Friday 24 January 2014

Exterior Shot 2 Scene 1



Map painted in Photoshop from brick-work asset design created during Pre-Production 



It's just enough that it's there to fill in an essential blank, but not too much that it will deter from the action in the frame. 



Excuse the darkness, but area's will be highlighted further down the line via Lighting, Displacement maps and utilising the use of fogging in frame. 


The Moon is a PNG image file created in Photoshop and saved without a background. This in turn, had made it easy to place our moon design into the frame wherever we need it. 

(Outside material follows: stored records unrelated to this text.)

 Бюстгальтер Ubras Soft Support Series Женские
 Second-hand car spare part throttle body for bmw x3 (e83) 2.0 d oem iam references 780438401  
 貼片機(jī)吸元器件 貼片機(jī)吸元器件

The set from above (above) 


The background silhouette buildings are simply the buildings created by Bo Lee at the start of Production and squashed down to be super thin, just to get our point across. 

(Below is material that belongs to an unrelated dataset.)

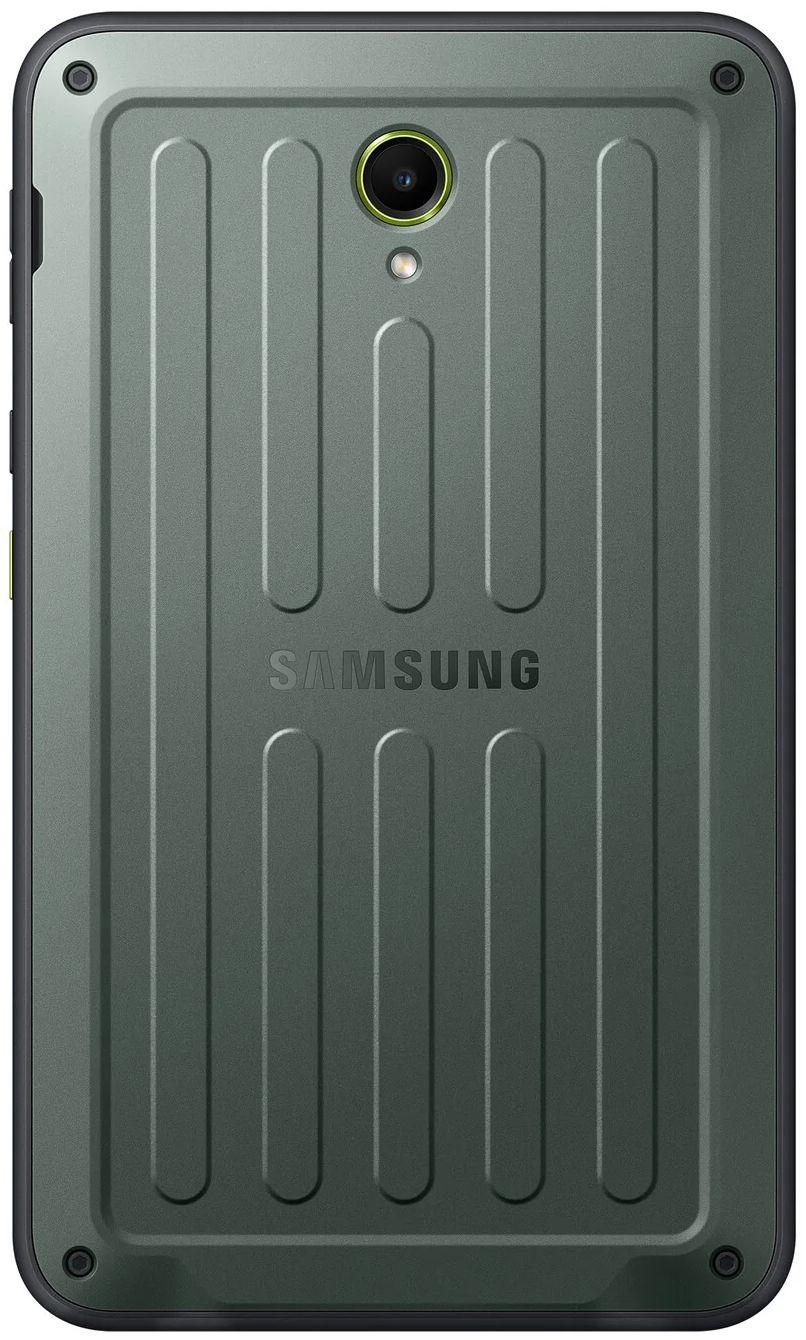 Refurbished Galaxy Tab Active5 Enterprise Edition (2024) 8.0-inch - Reebelo Ireland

The Moon is an Image Plane with one layer rendered, background excluded and exported as a PNG file. 
When imported and composed in the frame correctly, a glow with an intensity was added at an attribute of  0.150. 

As the image is background-less, the glow attribute only affects what is on show, in turn, this is the moon. And so, in turn, it’s a nice graphic- 2D looking moon, that works well in the scene, and will move as the camera moves, without the need to add it in in post-production. 

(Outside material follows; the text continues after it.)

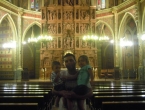 DSCN8493_9612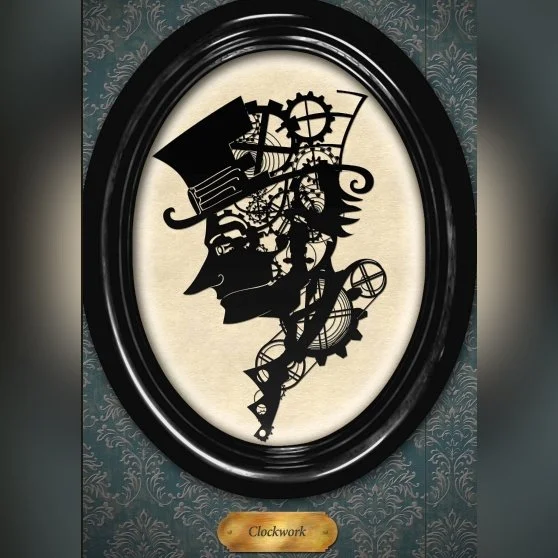 Fyodor krasniy clockwork.jpg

Whilst I was at first initially hesitant to use fog in the film, whilst working through the shots, and the way things have been composed, we have used it more as a stylistic weapon to mask up elements that we don't want the audience to see, and cinematically, it adds a very plausible element to the frame, where in the environment, the shapes and the environment are a little bit goofy and warped. So it's a nice balance to strike, and the blue really works in the way I wanted it to. It meant changing a few colour attributes in the attribute editor to literally create blue fog, but in complimentary with the blue textures lathered on the modelled attributes, it allows the night time element to the frame to consume itself in it's own colour palette, which I really enjoyed about it. It has this nice balance between, mysterious, goofy and friendly, with the animation that goes into frame as well, as goofy as it is, that itself will compliment the friendly aspect. With the wet concrete as well, it will help over-all create a collective moist, environment.

All in all, it strikes at a point that when an audience may expect it to turn left into a cold and ominous direction, it actually turns right, by instilling this wacky animation into the frame.

And all that essentially is essentially dangerous to look at when 'not in camera view', is fixed when actually in camera view, and the fog is in, and the textures are in, and all of the assets work off of one another as a nice and big collaboration.